This applies to properties in England only.

Guidance on Room Size Standards for House in Multiple Occupation (HMOs)

Introduction

When deciding whether to grant an HMO licence and how many people to grant it for the local authority must be satisfied that the property is 'reasonably suitable' for the number of people the licence applicant has asked for, or for such other number as the local authority may decide. A key part of that decision is the size of the individual bedrooms and whether they are suitable to be occupied by one, two or more, or no people.

Frustratingly, there is limited guidance from central government as to how to determine the suitability of a room. To help with this, local authorities often set out their own guidance on minimum acceptable room sizes for rooms in the property. However, this is only guidance, it is not a standard which if not adhered to will mean that a subject room is automatically unsuitable. The decision as to the suitability of premises must take into account the premises as a whole; not just individual room sizes. Where appropriate to do so the Council can and should depart from its own local guidance. Guidance will apply in the vast majority of situations in practice and can be treated as relatively firm by local authorities. Nevertheless, the Council must consider every property on its merits. Despite this, many local authorities treat their own local guidance as a standard and will reject rooms solely based on the fact that they are not large enough to meet their preferred standard.

What are the powers of the Tribunal Appeal?

If a landlord is unhappy with a local authority decision on HMO licensing the first step is to make representations on the basis of the initial intention notice setting out the proposed licence and its terms. This should focus on the reasons why the property is suitable as a whole, despite the fact that some rooms may not meet the standards. Once a final decision notice has been issued then an appeal can be considered. On appeal the First Tier Tribunal (Property Chamber) is entitled to form its own judgment and certainly any local authority guidance cannot bind the Tribunal although they should consider it.

What factors should the Council take into account?

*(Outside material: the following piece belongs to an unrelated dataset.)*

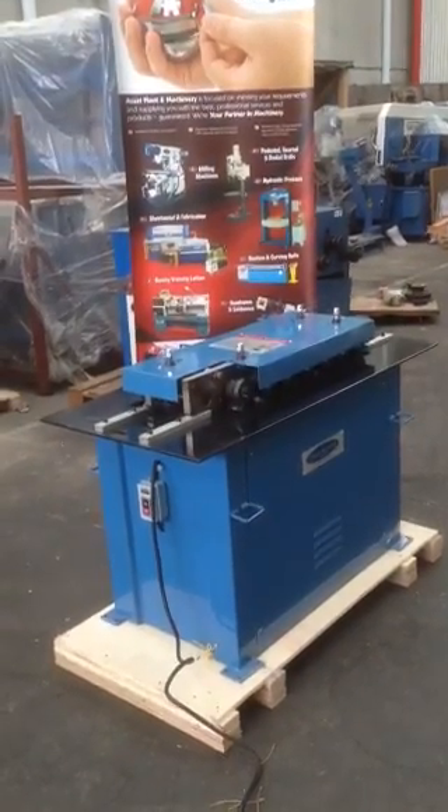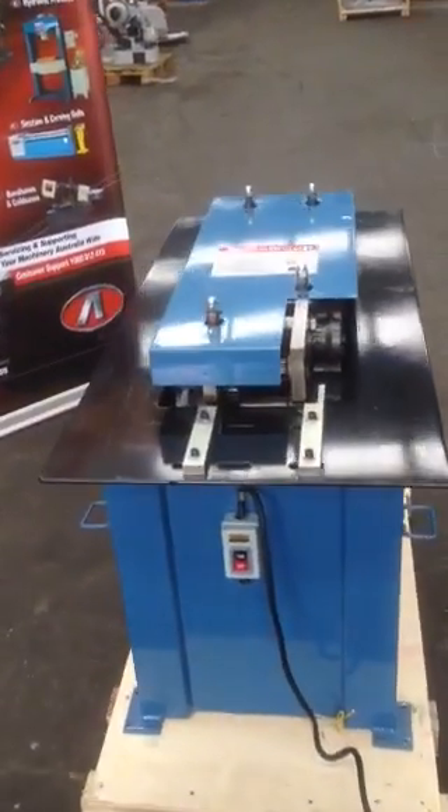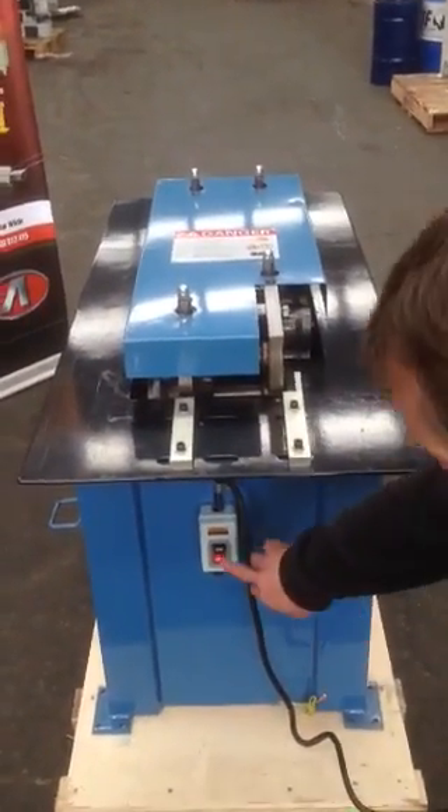We'll now just do a couple of basic forms. The machine is equipped with a Pittsburgh standard profile, and also this machine has a 90 degree turn down roll.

The Council can, of course, take into account their own guidance. This could include issues such as how you deal with restricted head heights like sloping ceilings. This, however, has to be subject to the possibility of any exceptions. All of the circumstances will need to be looked at including the configuration of the room, the positioning of furniture, lighting and provision of power points, as well as the other amenities in the Property as a whole in terms of kitchens, bathrooms and communal living space. For instance, the fact that communal living space significantly exceeds the minimum guidance might be a pointer towards a smaller bedroom being acceptable. Certainly, local guidance can identify a specific room size which will ordinarily be regarded as being too small to provide adequate sleeping accommodation or for other use. However, if other circumstances suggest it, then it may be the case that, viewed as a whole, the house is still reasonably suitable for a stated number of occupiers. The decision should be focused more on the overall room sizes, facilities and amenities in the house as a whole rather than always concentrating purely on a specific room. It should be noted that despite the effort of some landlords to show otherwise, garden space is not acceptable as alternative usage space as it is only available for part of the year.

National Minimum Room Size Standards

Following some cases where the Tribunal accepted the use of rooms in HMOs that local authorities found unacceptably small the government has made a change to the law which will apply to all new and renewed licences from October 2018. It will not apply to existing licences until they come to be renewed. These new standards will operate as a condition applied to these licences when they are granted that will prohibit the use of specific room sizes for sleeping accommodation. Rooms that are prohibited for sleeping accommodation are still able to be used for other purposes.

The new requirements are that a room for the use of one person over 10 years of age must be at least 6.51sqm in size. For two people over 10 that rises to 10.22sqm. For one person under 10 the room can be smaller, down to 4.64sqm. Nobody can sleep in a room smaller than 4.64sqm and the local authority is required to keep a register of such rooms. When calculating the area account is taken of the wall to wall area of the sleeping room only, discounting any areas where the ceiling height is less than 1.5m. However, this measurement is only of the sleeping room and so any additional space such as an en suite bathroom is not part of the calculation.

Grace Periods

On the first application for a licence after October 2018 or the first renewal the local authority, at its discretion, may allow a grace period of up to 18 months for a landlord to deal with any room which is below the threshold and is occupied as sleeping accommodation, whether by moving the tenant out or by adjusting it to make it larger.

If on inspection a local authority finds that a room is being used which is too small to meet the requirements then, provided the landlord has not condoned or allowed the use of that room, they can provide a landlord with a grace period of up to 18 months to resolve the situation, presumably by asking the tenants to leave. This power must be inserted into a licence. However, it will not be available to landlords who have permitted the occupation of overly small rooms and they are at risk of prosecution.

Minimum Room Sizes and Licensing Decisions

It should be borne in mind that the new minimum room sizes are minimums, not acceptable sizes. Just because a room is larger than the minimum does not mean it is automatically acceptable. Local authorities will still be able to issue guidance on what they are likely to find acceptable and also to consider rooms as part of the larger whole. As before, though they must consider rooms as part of a larger property and must not simply reject rooms which do not meet their local guidance, although they must reject rooms which do not meet the new nationally set standards.